Trust is key for technology
Alex Mathers attended the DMEXCO Digital Marketing conference held in Cologne and shares his two key digital takeaways.
Trust is front and centre
Continuing the 'techlash' theme we saw at this year's Consumer Electronics Show back in January, 'trust' was front and centre at this year's DMEXCO digital marketing conference held in Cologne, with even the motto for the event 'Trust in You'.
Recent studies suggest that trust in technology has been falling in the light of well-publicised privacy scandals and fines - with public trust in the internet (as measured by an EU-wide survey from Eurobarometer) falling to the lowest level since 2009.
Technology companies have responded in a variety of ways - from Apple’s privacy-first ‘Sign In with Apple’ offering launched to rival Google and Facebook, but promising greater data protection via generating one-time email addresses for logins, and sharing limited data with application developers - to Facebook’s new ’Off-Facebook Activity’ privacy tool launched in beta this August.
However for marketers and AdTech companies alike, the most challenging problem is the declining ability to use ’cookies’ (the tracking method used by almost all AdTech and MarTech platforms), as a result of the combination of increased mobile browsing, third-party cookie-blocking in modern web browsers, and GDPR and other privacy regulation. This of course creates opportunities for Facebook and especially Google, with their powerful combination of the Chrome web browser (with 60-65% market share worldwide) and extensive use of Google’s single sign-on offerIng - but also for AdTech businesses offering identity resolution solutions, and businesses that are able to make effective use of their own first-party data.

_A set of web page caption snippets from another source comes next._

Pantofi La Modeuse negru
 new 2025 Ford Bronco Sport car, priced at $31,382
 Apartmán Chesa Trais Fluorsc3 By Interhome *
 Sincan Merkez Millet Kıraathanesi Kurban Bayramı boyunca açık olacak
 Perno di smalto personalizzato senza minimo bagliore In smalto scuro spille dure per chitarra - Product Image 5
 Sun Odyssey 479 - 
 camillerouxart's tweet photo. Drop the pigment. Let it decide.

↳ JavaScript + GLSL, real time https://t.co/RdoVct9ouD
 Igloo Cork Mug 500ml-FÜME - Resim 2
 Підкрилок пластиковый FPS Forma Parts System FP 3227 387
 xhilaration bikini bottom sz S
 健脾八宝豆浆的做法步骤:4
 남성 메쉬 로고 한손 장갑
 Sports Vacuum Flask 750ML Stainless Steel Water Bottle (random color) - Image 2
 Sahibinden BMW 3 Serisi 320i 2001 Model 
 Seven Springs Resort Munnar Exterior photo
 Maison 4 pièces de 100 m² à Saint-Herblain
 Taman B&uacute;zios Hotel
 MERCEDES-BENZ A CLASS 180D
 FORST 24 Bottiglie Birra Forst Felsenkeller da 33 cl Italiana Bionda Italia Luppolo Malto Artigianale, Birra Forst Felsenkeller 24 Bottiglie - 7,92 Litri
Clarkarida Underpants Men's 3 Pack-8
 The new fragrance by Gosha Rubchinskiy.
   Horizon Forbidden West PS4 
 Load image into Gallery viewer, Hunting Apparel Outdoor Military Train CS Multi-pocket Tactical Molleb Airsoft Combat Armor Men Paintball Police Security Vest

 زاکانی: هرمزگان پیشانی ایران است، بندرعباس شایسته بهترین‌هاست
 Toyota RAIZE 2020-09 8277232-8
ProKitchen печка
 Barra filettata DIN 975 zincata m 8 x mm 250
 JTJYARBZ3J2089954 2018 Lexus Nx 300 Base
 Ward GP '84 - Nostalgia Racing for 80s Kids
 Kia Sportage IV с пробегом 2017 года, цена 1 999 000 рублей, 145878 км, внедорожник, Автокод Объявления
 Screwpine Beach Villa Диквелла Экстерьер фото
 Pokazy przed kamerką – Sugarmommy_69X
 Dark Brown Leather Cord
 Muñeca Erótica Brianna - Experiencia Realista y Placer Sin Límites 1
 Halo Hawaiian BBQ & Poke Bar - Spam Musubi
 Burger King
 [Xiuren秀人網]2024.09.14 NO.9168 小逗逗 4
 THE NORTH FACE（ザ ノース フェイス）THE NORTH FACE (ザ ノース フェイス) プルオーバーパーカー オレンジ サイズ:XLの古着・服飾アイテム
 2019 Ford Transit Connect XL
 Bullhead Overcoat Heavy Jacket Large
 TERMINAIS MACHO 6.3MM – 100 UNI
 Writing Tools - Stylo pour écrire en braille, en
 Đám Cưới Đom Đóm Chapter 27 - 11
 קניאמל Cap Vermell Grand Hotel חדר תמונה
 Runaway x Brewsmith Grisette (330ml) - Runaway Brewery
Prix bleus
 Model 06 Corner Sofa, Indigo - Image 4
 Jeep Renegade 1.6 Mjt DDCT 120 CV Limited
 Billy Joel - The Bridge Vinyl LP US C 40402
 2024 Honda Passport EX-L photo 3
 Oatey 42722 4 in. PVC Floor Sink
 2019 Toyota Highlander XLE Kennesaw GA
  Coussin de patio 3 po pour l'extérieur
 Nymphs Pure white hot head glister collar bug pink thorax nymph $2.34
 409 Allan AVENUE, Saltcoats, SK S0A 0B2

Whilst the concerns for AdTech businesses are particularly pressing given the centrality of user identification and tracking to their businesses, data is central to all modern marketing (‘today’s data is tomorrow’s strategy’ was a particularly resonant quote from one speaker) and therefore all businesses need to make sure they manage customer data carefully. This is essential to ensure the goals are achieved whilst maintaining trust and privacy.
Trusted partnerships are key for CMO
Another interesting area of discussion was the changing role of the Chief Marketing Officer. There is no question that the role is getting increasingly complex, as questions on technology, customer experience and even broader digital transformation are brought into the CMO's domain - whilst expectations continue to rise on what can be achieved in the ‘traditional’ areas of brand building and demand generation.
This complexity is heightened by the increasing levels of specialisation particularly in digital marketing - where the tools and channels available are evolving so fast it can hard to keep up, and immediate feedback on performance shines a sometimes unforgiving (if helpful in the longer-term) spotlight.
No one individual can expect to be an expert in every aspect of today's marketing world - so partnerships are key.
The consensus from the CMOs speaking at the conference was unsurprising though - it's all about collaboration and partnership, both internally and externally. No one individual can expect to be an expert in every aspect of today's marketing world - so partnerships are key.
Despite a trend towards in-housing, agencies still play a key role here, as a way to stay on top of trends and bring fresh thinking to the table. This however returns to the central theme of this year’s DMEXCO which is again about trust. This is something that resonates strongly with us as partnerships are at the heart of our approach to Digital here at Inflexion too, where our digital associates network of individuals and trusted partners are core to how we work with our portfolio across topics from digital marketing to data science.